LUCENE-9270: Update Javadoc about normalizeEntry in the Kuromoji DictionaryBuilder

2020-03-12 02:50:36 +09:00 · 2020-03-12 02:50:36 +09:00 · f0a49738ca
parent ed59c3eb33
commit f0a49738ca
2 changed files with 8 additions and 1 deletions
--- a/lucene/CHANGES.txt
+++ b/lucene/CHANGES.txt
@ -130,6 +130,8 @@ Other

 * LUCENE-9257: Always keep FST off-heap. FSTLoadMode, Reader attributes and openedFromWriter removed. (Bruno Roustant)

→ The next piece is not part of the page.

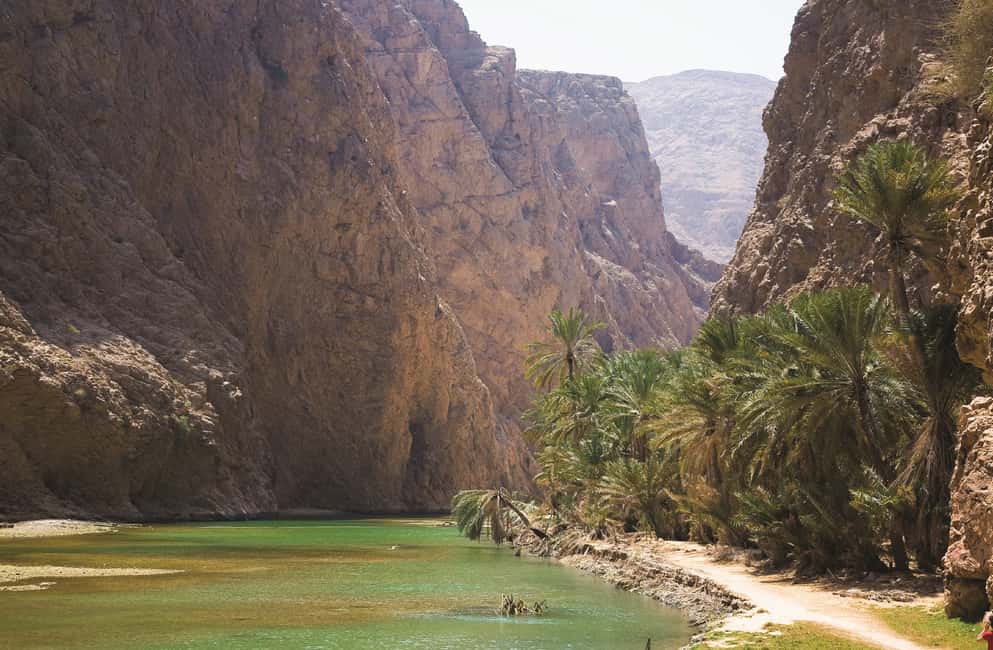 immagine n.9 di Muscat: Tour del Wadi Shab e del pozzo di Bimah con audioguida attività in Regione al-Sharqiyya, caricata dal fornitore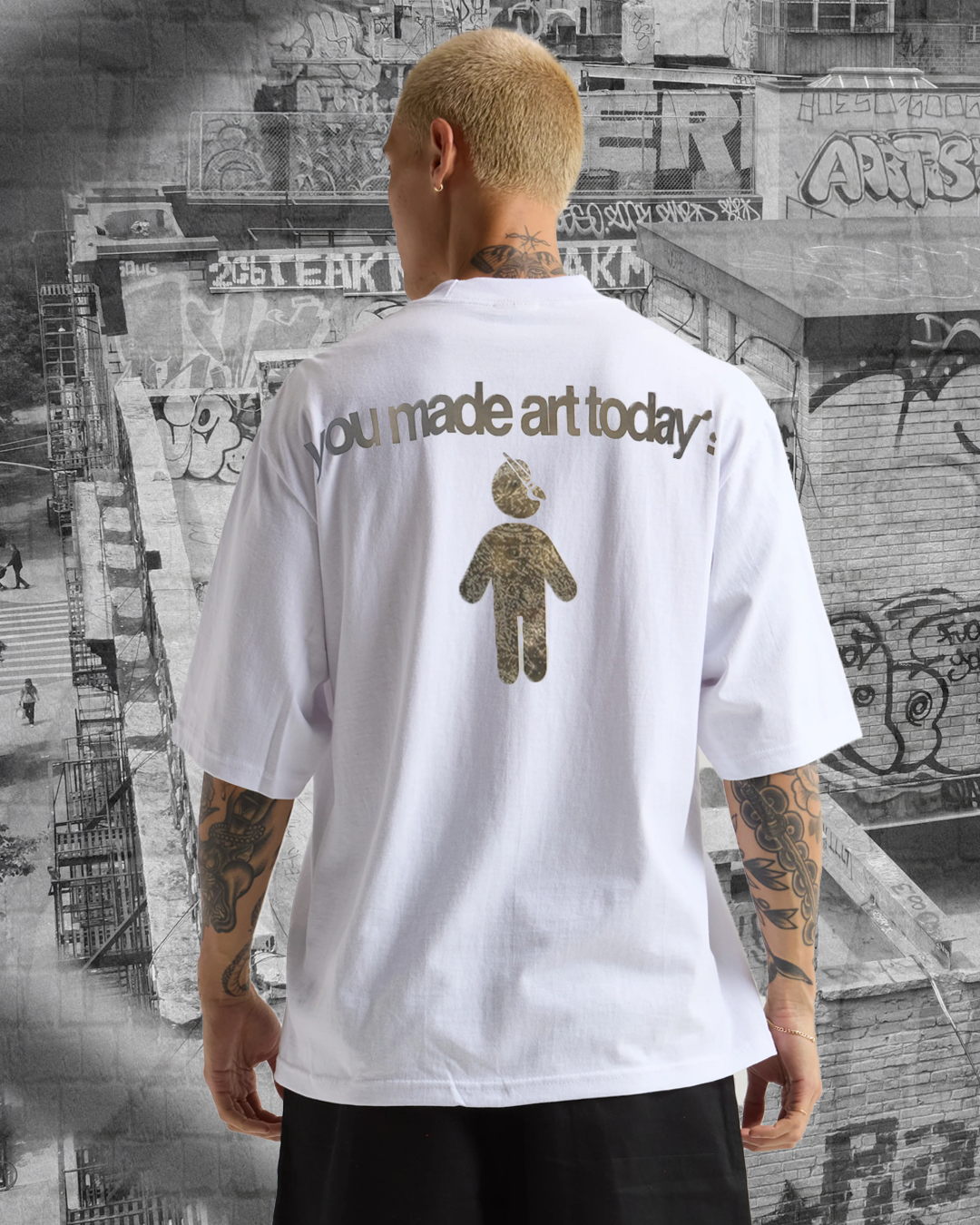 ARTIS™ GOT ART? TEE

+* LUCENE-9270: Update Javadoc about normalizeEntry in the Kuromoji DictionaryBuilder. (Namgyu Kim)
+
 ======================= Lucene 8.5.0 =======================

 API Changes
--- a/lucene/analysis/kuromoji/src/java/org/apache/lucene/analysis/ja/util/DictionaryBuilder.java
+++ b/lucene/analysis/kuromoji/src/java/org/apache/lucene/analysis/ja/util/DictionaryBuilder.java
@ -26,13 +26,18 @@ import java.util.Locale;
 * Tool to build dictionaries. Usage:
 * <pre>
 *    java -cp [lucene classpath] org.apache.lucene.analysis.ja.util.DictionaryBuilder \
- *          ${inputDir} ${outputDir} ${encoding}
+ *          ${inputDir} ${outputDir} ${encoding} ${normalizeEntry}
 * </pre>
 *
 * <p> The input directory is expected to include unk.def, matrix.def, plus any number of .csv
 * files, roughly following the conventions of IPADIC. JapaneseTokenizer uses dictionaries built
 * with this tool. Note that the input files required by this build generally must be generated from
 * a corpus of real text using tools that are not part of Lucene.  </p>
+ * <p>The normalizeEntry option is a Boolean value.<br>
+ * If true,
+ * check a surface form (first column in csv) is <a href="https://unicode.org/reports/tr15/#Norm_Forms">NFC Normalized</a>.
+ * If it isn't, NFC normalized contents will be added to the TokenInfoDictionary in addition to the original form.<br>
+ * This option is false for pre-built dictionary in the Lucene. </p>
 * @lucene.experimental
 */
 public class DictionaryBuilder {